In this project we tried to compress a full model for image captioning and put it on Raspberry Pi. The original model is created for computer and we get it from this repository: https://github.com/sgrvinod/a-PyTorch-Tutorial-to-Image-Captioning
To make the project work you need to download the models from the following link: https://drive.google.com/drive/folders/1U9LJyL4YBXLel-nP237_6U8ypZHd4oxH?usp=sharing
In order to run the model you need to choose among the offering models which one you want to use for inferencing an image. The options are quantized, pruned, or normal models.
In case you want to change the models you gave to change the path in execute files, and then you can run the execute python files.
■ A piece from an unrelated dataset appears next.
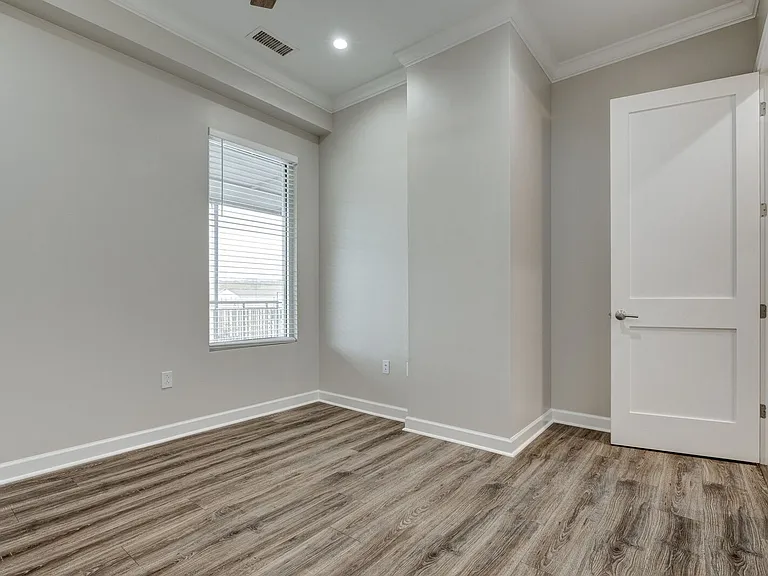 160 Morrow Ave #208 — Photo 12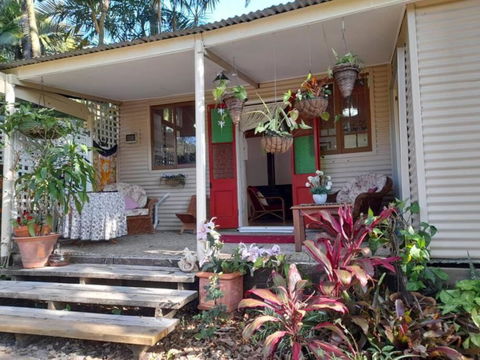 Quirky Cottage In Centre Of Maleny, Walk Everywhere - Darwin Holiday 2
For running this project you need to have a camera, you can also use this project to caption an image from the internet but for that you need to do some modifications.
After adjusting the paths and choosing the models of choice the program to execute is execute_double.
execute_double.py
- At the beginning you get a welcoming message.
- Next you are prompted to choose between doing image captioning or video captioning: (i) If you chose image captioning you can enter 'c' or 'C' to capture an image from the PiCamera and you should get the captionining sentence along with a describing picture. (ii) If you chose video captioning you should enter a positive integer and later you should get a paragraph describing what was happening in front of the PiCamera with a number of sentences equal to the input integer.
- You can enter 'x' or 'X' to escape from the current mini program and go to point 2).
- Press ctrl + 'c' to exit the program definitely.